As acusações foram feitas contra os Estados Unidos, apesar de a Força de Assistência à Segurança no Afeganistão (ISAF) ter alegado que o ocorrido foi um erro. Washington pediu desculpas ao Paquistão e o presidente Barack Obama prometeu investigar minuciosamente o incidente. O esclarecimento detalhado das circunstâncias deste ataque aéreo contribuirá para amenizar a situação entre o Paquistão e a OTAN, diz o especialista do Instituto de Estudos Orientais, Vladimir Moskalenko:

Muitos concordam com a idéia de que o ataque teria sido uma provocação. Mas por parte de quem? Torna-se difícil definir a situação quando tudo parece ser desvantajoso. Para o Paquistão, a aliança com os Estados Unidos é muito importante, sendo muito complicada a sua situação no que se refere à economia. Se os paquistaneses perderem essa ajuda, isso somente a agravaria ainda mais. Para os americanos, o Paquistão também é muito importante, pois é vizinho do Afeganistão. E essa posição de Islamabad é ainda mais importante face ao início da retirada em massa das tropas aliadas.

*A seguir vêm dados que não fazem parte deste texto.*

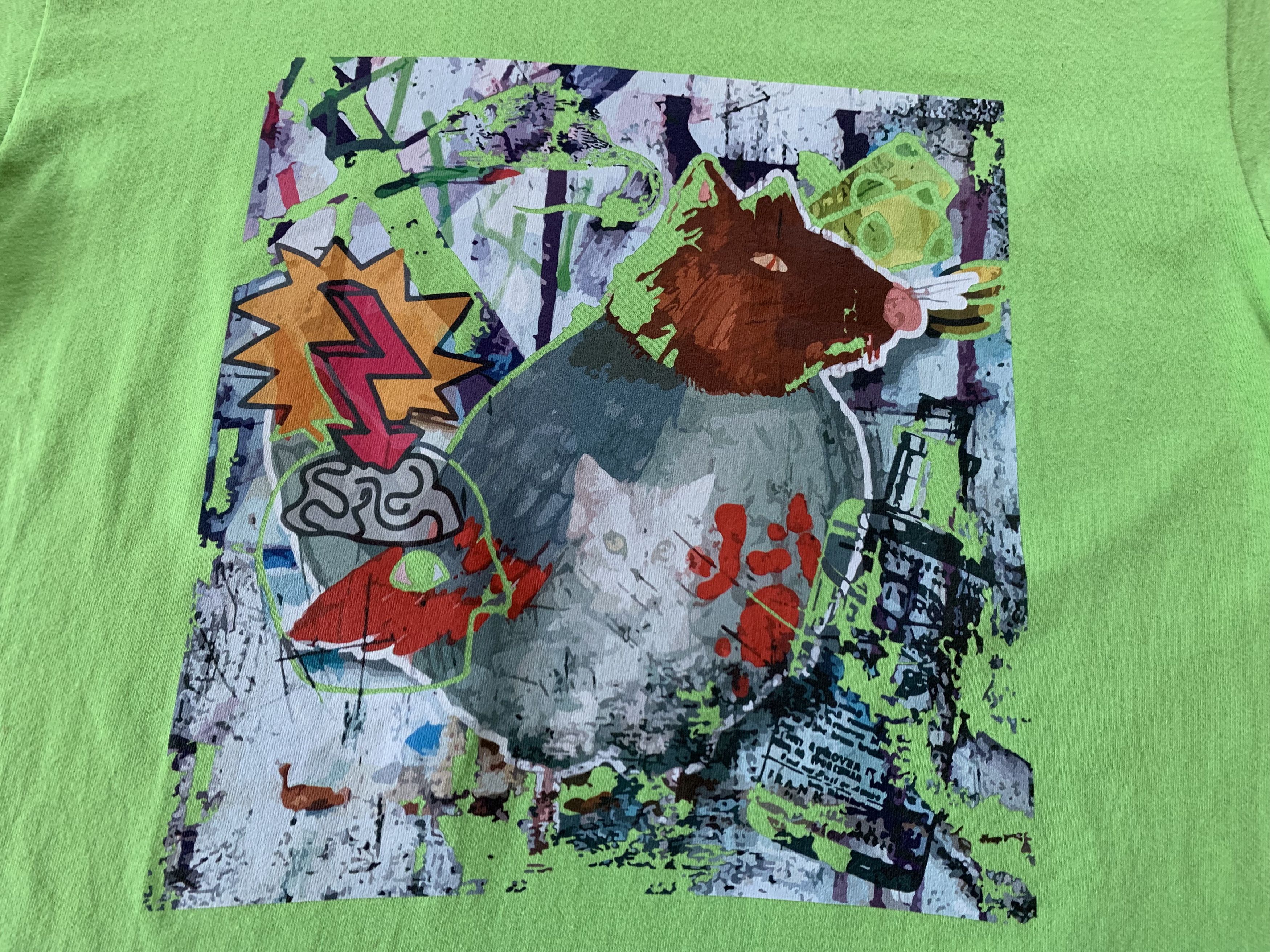 Fruit Of The Loom × Vintage Fruit Of The Loom Rat Graffiti Printed T Shirt Size US S / EU 44-46 / 1 - 5 Thumbnail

Isso por que é justamente do Paquistão que dependerão as condições dessa retirada. E este é um problema muito sério para Barack Obama.

Após o ataque aéreo, o Paquistão bloqueou um dos dois canais existentes de abastecimento das forças da OTAN no Afeganistão, complicando muito a situação do contingente internacional. Outra rota de abastecimento passa através da Rússia, mas o acordo só se aplica aos bens não militares. Além disso, a Aliança ainda não dirigiu a Moscou um pedido oficial de alargar o trânsito no seu território. A situação da Aliança se deteriorou seriamente na quinta-feira, quando extremistas atacaram um comboio de viaturas no sudoeste do Paquistão. Eles conseguiram destruir mais de 30 caminhões carregados com combustível e suprimentos.

Os acontecimentos no Paquistão são ainda mais ambíguos se levarmos em consideração a doença súbita do chefe de Estado, Asif Ali Zardari que, devido a problemas de coração, se viu obrigado a meio da semana a buscar tratamento em Dubai. Como resultado, correm boatos no Paquistão sobre um golpe silencioso e a transferência do poder para os militares. A coisa vai se agravando ainda mais porque o misterioso ataque cardíaco teria sido precedido de uma reunião de embaixadores do Paquistão. Enquanto isso, o porta-voz do Departamento de Estado americano, Mark Toner, negou que os problemas de saúde do presidente do Paquistão possam ser um pretexto para seu afastamento do poder. Os observadores paquistaneses não descartam que, se Asif Ali Zardari voltar ao país, já não será mais na qualidade de chefe de Estado.